This json_validation_proc procedure performs a data transfer from a staging table to a target table. While doing the transfer, it also finds invalid JSON records by isolating them using its primary key and logs entry into the discard_record_log table. This procedure tracks progress, manages data ranges, and handles transfer failure issues that come up during the transfer methods of initial load and delta inserts.

Details of the PL/pgSQL procedure

The PL/pgSQL procedure mentioned the previous section takes several input parameters:

source_table_name – The name of the source table
target_table_name – The name of the target table
range_interval – The number of rows to process at a time
json_columns – An array of JSON column names
primary_key_column – The name of the primary key column
load_type – The type of data load (il for initial load or di for delta inserts) and an optional force parameter

Depending on the load_type provided, the procedure performs different actions:

If the load_type is il (initial load), it creates or checks the existence of two tables: discard_record_log and exec_history_offset. These tables are used for tracking discarded records and maintaining run history offsets.
If the load_type is di (delta inserts), it assumes that a previous initial or delta load has already occurred and proceeds accordingly.
The procedure retrieves the maximum proc_exec_counter from the exec_history_offset table for the specified source_table_name and increments it for the current run. This counter is used for tracking the run history.
If the proc_exec_counter is greater than 1, it retrieves the maximum primary key value (max_rec_id_at_end_of_proc_exec_counter) from the exec_history_offset table for the specified source_table_name. This value represents the maximum primary key value processed in the previous run.
If the load_type is il and proc_exec_counter is greater than 1, the procedure performs checks based on the force parameter. If force is true, it deletes all data from the target_table_name, discard_record_log, and exec_history_offset tables and resets the pre_exec_max_pk_id and proc_exec_counter variables. Otherwise, it raises an exception indicating that an initial load has already occurred.
The procedure generates the necessary queries to fetch column names and JSON column casts for the target table.
It calculates the number of ranges based on the row count of the source table and the specified range_interval.
For each range, the procedure creates a temporary table (temp_pk_table) to store the primary key values within the range.
It loops through each record in the temp_pk_table and generates an INSERT command to copy the corresponding rows from the source table to the target table. The INSERT command includes cast expressions for the JSON columns.
If an INSERT command fails, the failed record is logged in the discard_record_log table.
After processing each range, the procedure commits the changes to see the records in the log table and target table.
Finally, the procedure inserts the run metadata (including tbname, proc_exec_counter, range_interval, num_ranges, and max_rec_id_at_end_of_proc_exec_counter) into the exec_history_offset table.
For the examples provided, each CALL statement invokes the copy_data_proc procedure with different input parameters, including different source table names, target table names, range intervals, JSON column names, primary key column names, and load types.

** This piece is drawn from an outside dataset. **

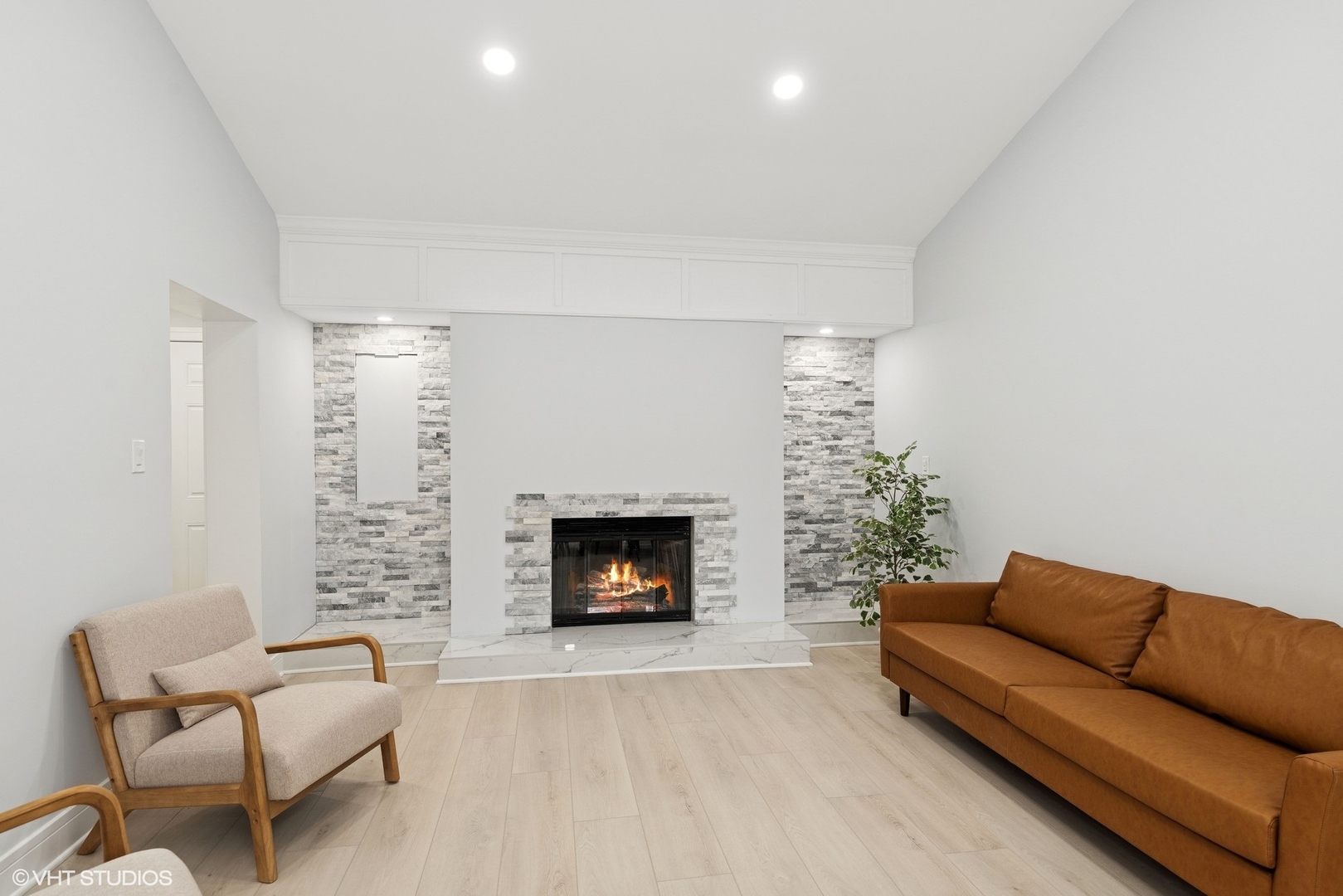 1220 E Rockwell Street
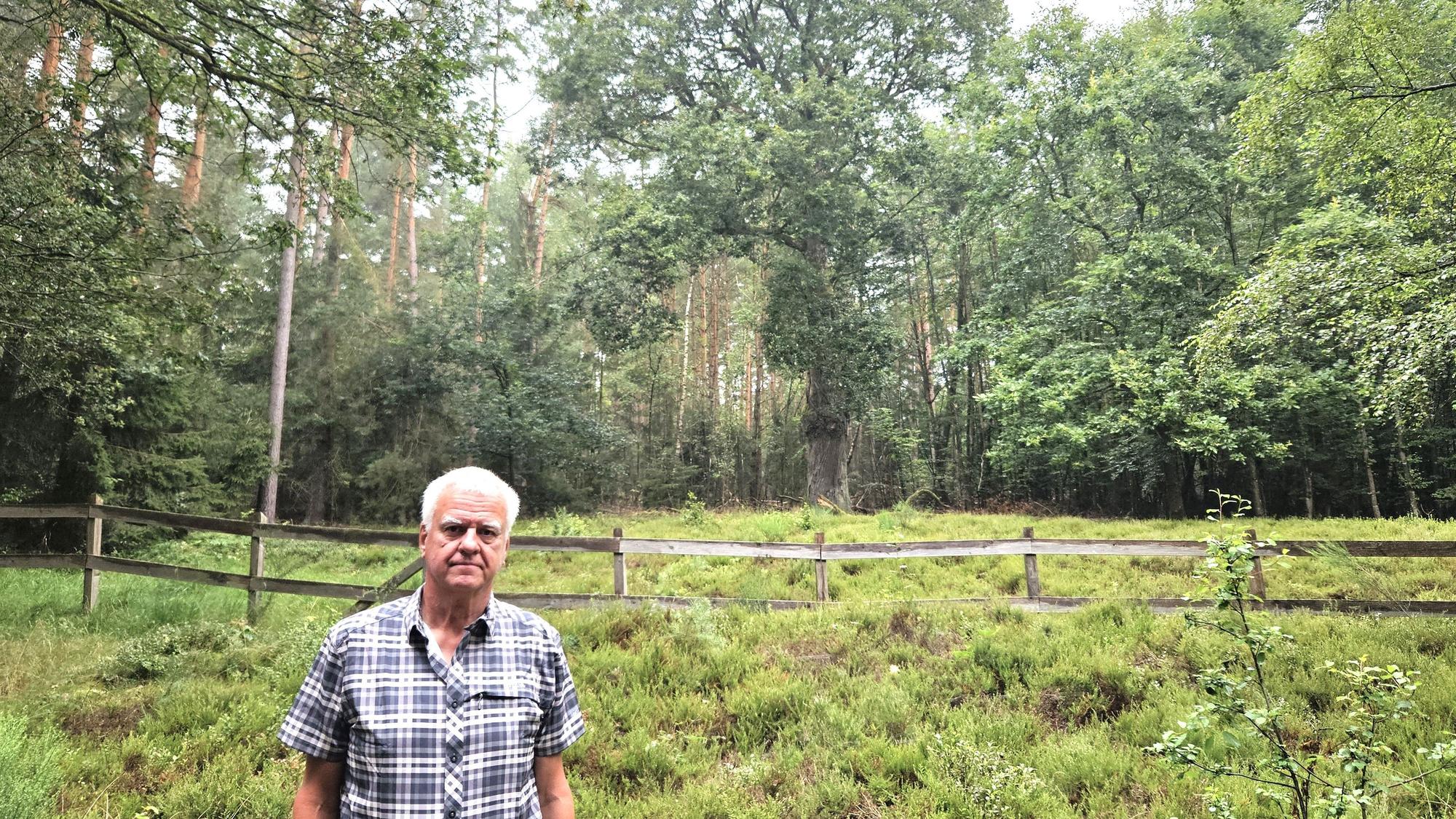 Vor der alten Traubeneiche an Hausbaum steht Wolfgang Röhrig.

The optional force parameter is also used in some cases.
Running this procedure at regular intervals using any scheduler like OS crontab/scheduler or PostgreSQL pg_cron extension until the scheduled cutover makes sure that the migration process moves forward smoothly with comprehensive visibility into the data quality.

Validate the JSON data using a PL/pgSQL procedure

Let’s dive into some examples to understand how it works.

Example 1

See the following code:

CALL copy_data_proc('staging_table', 'target_table', 100, ARRAY['json_column1', 'json_column2'], 'id', 'il', true);

+--------------+------------------------+-----------------+-------------+--------------------------------+
| tbname       | proc_exec_counter      | range_interval  | num_ranges  | max_rec_id_at_end_of_proc_exec_counter |
+--------------+------------------------+-----------------+-------------+--------------------------------+
| staging_table | 1                      | 100             | [value]     | NULL                               |
+--------------+------------------------+-----------------+-------------+--------------------------------+

Example 2

In this example, we perform a similar data copy operation from staging_table1 to target_table1. However, we omit the truncation step by excluding the last parameter. This allows us to append the copied data to the existing records in the target table.

See the following code:

CALL copy_data_proc('staging_table1', 'target_table1', 100, ARRAY['json_column1', 'json_column2'], 'id', 'il');

+--------------+------------------------+-----------------+-------------+--------------------------------+
| tbname       | proc_exec_counter      | range_interval  | num_ranges  | max_rec_id_at_end_of_proc_exec_counter |
+--------------+------------------------+-----------------+-------------+--------------------------------+
| staging_table | 1                      | 100             | [value]     | NULL                               |
| staging_table1 | 1                     | 100             | [value]     | NULL                               |
+--------------+------------------------+-----------------+-------------+--------------------------------+

Example 3

In this example, we again copy data from staging_table2 to target_table2. However, we modify the sorting order by specifying di for descending order based on the id column. This makes sure that the data is copied in reverse order compared to the previous examples.

See the following code:

CALL copy_data_proc('staging_table2', 'target_table2', 100, ARRAY['json_column1', 'json_column2'], 'id', 'di');

+--------------+------------------------+-----------------+-------------+--------------------------------+
| tbname       | proc_exec_counter      | range_interval  | num_ranges  | max_rec_id_at_end_of_proc_exec_counter |
+--------------+------------------------+-----------------+-------------+--------------------------------+
| staging_table | 1                      | 100             | [value]     | NULL                               |
| staging_table1 | 1                     | 100             | [value]     | NULL                               |
| staging_table2 | 1                     | 100             | [value]     | NULL                               |
+--------------+------------------------+-----------------+-------------+--------------------------------+

Example 4

In this example, we initiate the data copying process by calling the copy_data_proc procedure. We specify the source table as staging_table and the destination table as target_table. The procedure is configured to process 100 rows at a time using the range_interval parameter. We select the columns json_column1 and json_column2 to be copied from the source table. The rows are ordered based on the id column, and the il option indicates ascending order. Consider a scenario where you have the data in the staging_table, which includes columns json_column1 and json_column2, which are expected to be valid JSON objects. However, data inconsistencies or unexpected values may cause some rows to contain invalid JSON objects, because these records keep replicating from the source Oracle database through AWS DMS tasks.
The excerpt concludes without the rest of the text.